Mit diesen Worten beendete am 16.10.1846 der Chefchirurg des Bostoner Massachusetts General Hospital, Professor John Collins Warren
(1778-1856), die erste öffentliche, unter Schwefelätherbetäubung durchgeführte Operation. Dieser Tag gilt in der medizinischen Fachwelt als Geburtsstunde des Narkosezeitalters.
"Süßes Vitriol" benannte im 13. Jahrhundert ein spanischer Gelehrter die klare Flüssigkeit, die er aus Schwefelsäure hergestellt hatte.
Zwei Jahrhunderte später beobachtete Paracelsus (1493 - 1541) die schlafinduzierende Wirkung dieser Substanz bei Tieren.
Der deutsche Chemiker Frobenius nannte die Flüssigkeit aufgrund ihrer physikalischen Eigenschaften "Äther".
1818 dokumentierte der englische Naturforscher Michael Faraday (1791-1867) nach eigenen Beobachtungen die narkotische Eigenschaft des Äthers. Jedoch erging es dem ehemaligen Schüler von Humphrey Davy (1778-1829), der schon 1800 die schmerzausschaltende Wirkung des Stickoxydul beobachtet und beschrieben hatte, wie seinem Meister. Die Hinweise auf die betäubenden Eigenschaften von Äther und Lachgas wurden von der medizinischen Fachwelt mißachtet. Beide Substanzen blieben Mittel zum Zweck als Rauschmittel für "illustere" Partys.

Als im Januar 1842 der Chirurg Crawford William Long (1815 - 1878) eine solche Party besuchte, beobachtete er, wie sich Teilnehmer der Gesellschaft verletzten - dies jedoch ohne Anzeichen von Schmerz.
Selbstversuche von Long bestätigten seine Beobachtungen. Am 30. März 1842 entfernte er bei einem Patienten im Ätherrausch einen Nackentumor - schmerzfrei.
Dr. Long beging leider einen großen Fehler: Der Fachwelt verschwieg er seine Erfolge über inzwischen mehrere erfolgreiche Äthernarkosen. So mußte er später auf Ruhm, als Pionier der Ätheranästhesie zu gelten, verzichten.
In Boston praktizierte der hervorragende Zahnprothetiker William Thomas Green Morton (1819 - 1868).
Am 11. Dezember 1844 hatte er als Kollege von Horace Wells (1815 - 1848) der fehlgeschlagenen Demonstration der Lachgasbetäubung am Massachusetts General Hospital beigewohnt. Seither war er auf der Suche nach einem besser geeigneten Betäubungsmittel zur Zahnextraktion.
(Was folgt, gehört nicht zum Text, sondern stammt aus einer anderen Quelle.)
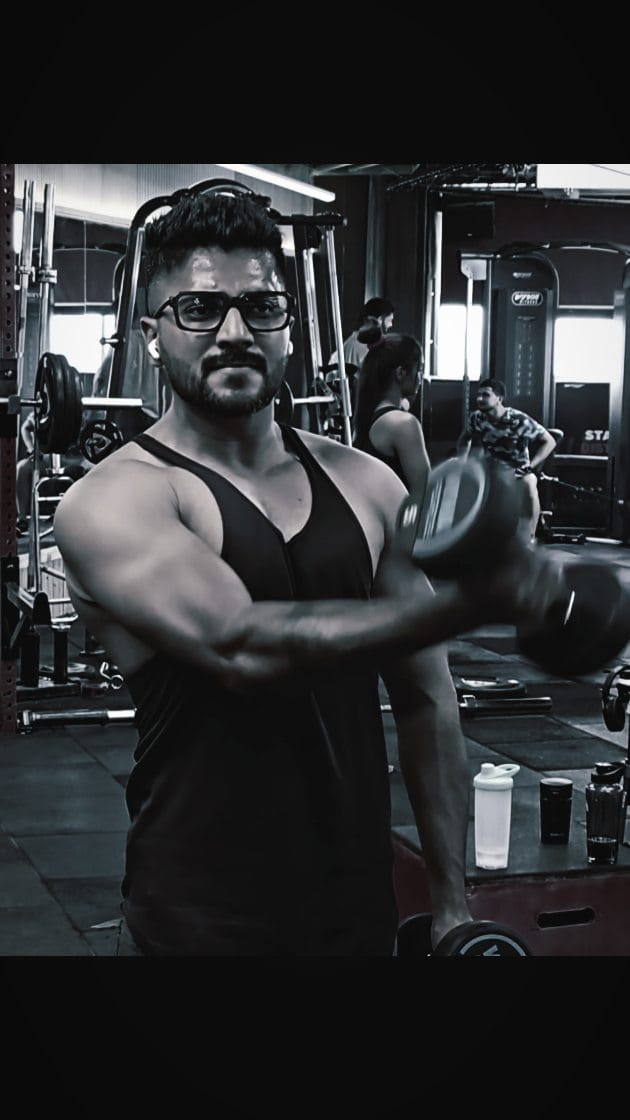 Post 6 by Rishabh Bhardwaj on Instagram (video)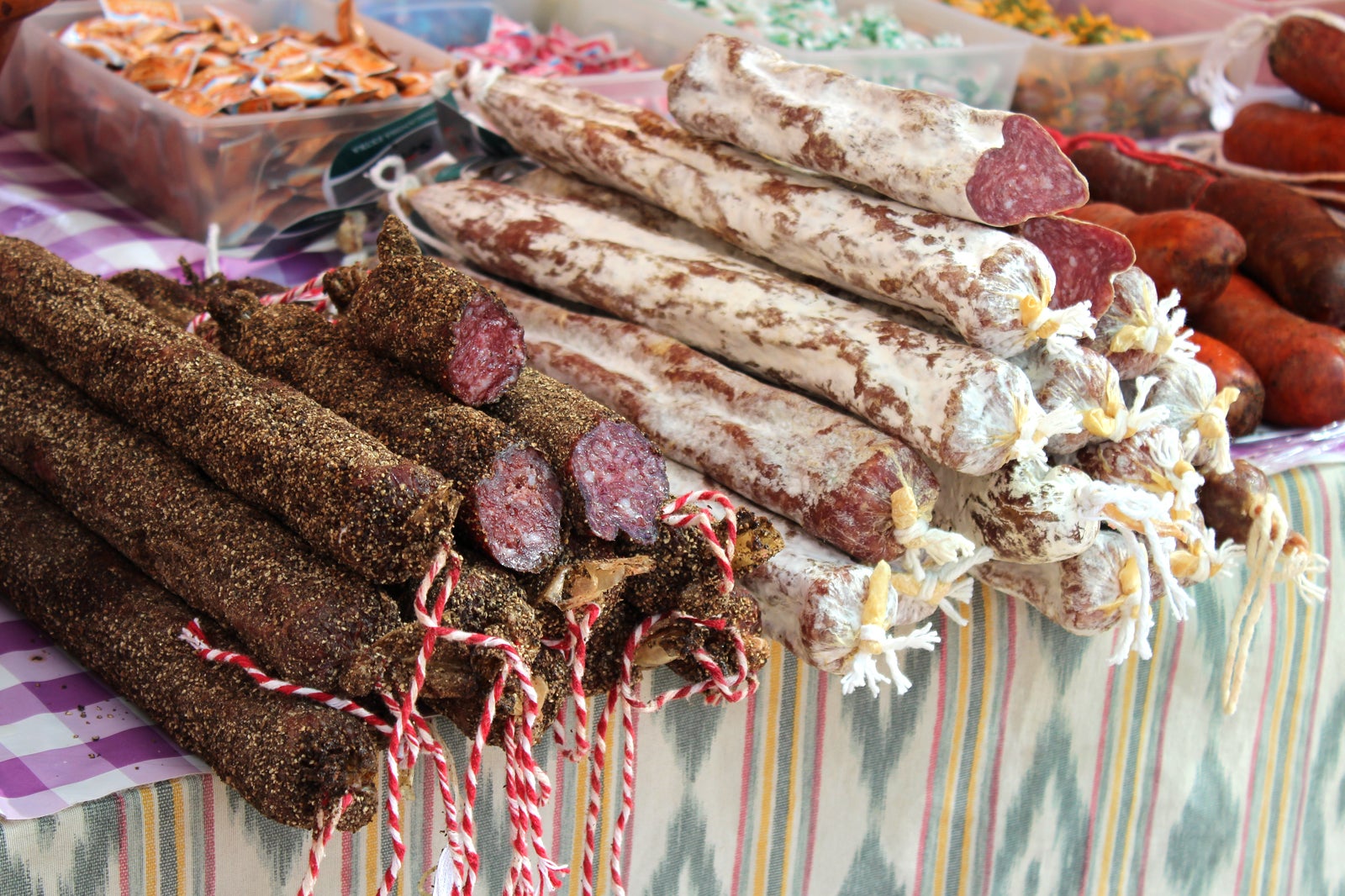 بازار کشاورزان Lehel در خیابان آنا پلاتز - Bauernmarkt Lehel am St. Anna Platz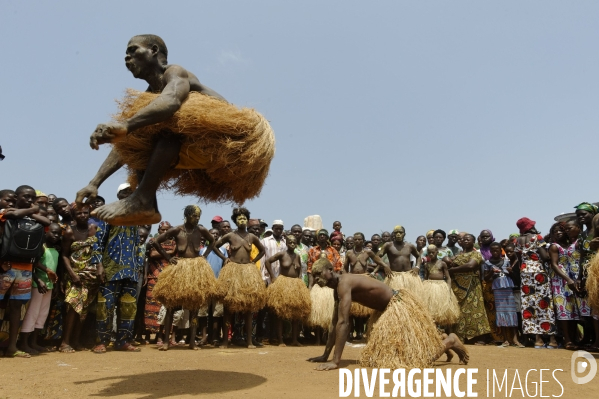 TOGO : Culte vaudou du dieu guerrier KOKOU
Die Suche nach der Lösung dieses Problems führte ihn zu seinem ehemaligen Lehrer Professor Charles Jackson (1805 - 1880), der ihm - gegründet auf die Hinweise von Faraday - Schwefeläther empfahl.
Morton probierte die Wirkung des Äthers zunächst an Tieren erfolgreich aus und extrahierte am 30. September 1846 bei einem Patienten schmerzfrei einen vereiterten Zahn.
Ermutigt und begeistert von seinem Erfolg und der damit verbundenen Aussicht auf bessere finanzielle Zeiten, bewarb er sich bei Professor Warren zur Demonstration seines Betäubungsverfahrens. Warren hatte derzeit Wells die Möglichkeit eingeräumt, die betäubenden Eigenschaften des Stickoxydul zu demonstrieren, was jedoch - wie schon bemerkt - in einem Desaster endete.

  Morton bereitete sich gründlich vor. Sein "Narkoseapparat" bestand aus einem Glaskolben mit zwei rohrähnlichen Ansätzen. Über einen dieser Ansätze wurde der im Inneren der Kugel liegende Schwamm mit Äther getränkt. Am anderen Ansatz befand sich ein Inhalationsschlauch mit einem einfachen Ventil zur Regulation der Ein- und Ausatmung.

Massachusetts General Hospital, 16. Oktober 1846, 10.00 Uhr:
Gerade noch rechtzeitig erscheint Morton zum festgesetzten Termin im Operationstheater. Ein neues Atemventil für den Apparat war kurz zuvor fertig geworden. Die Operationsglocken hatten bereits den Beginn der Operation angekündigt.
Das sie ein neues medizinisches Zeitalter einläuteten, hat zu diesem Zeitpunkt niemand gewußt.
Die Stimmung war angespannt, der Ausgang der Ätherdemonstration ungewiß. Man erinnerte sich noch zu gut an Wells. Morton beruhigte den vor Angst zitternden 20jährigen Patienten und ließ ihn den Dunst aus dem Apparat atmen. Der Patient sank in Schlaf. Das Messer durchtrennte die Haut über dem zu entfernenden Nackentumor. Der Patient jedoch schlief ohne deutliche Schmerzensregung weiter. Das war neu in der Medizin ! Der Schmerz hat sich dem Ätherdunst beugen müssen.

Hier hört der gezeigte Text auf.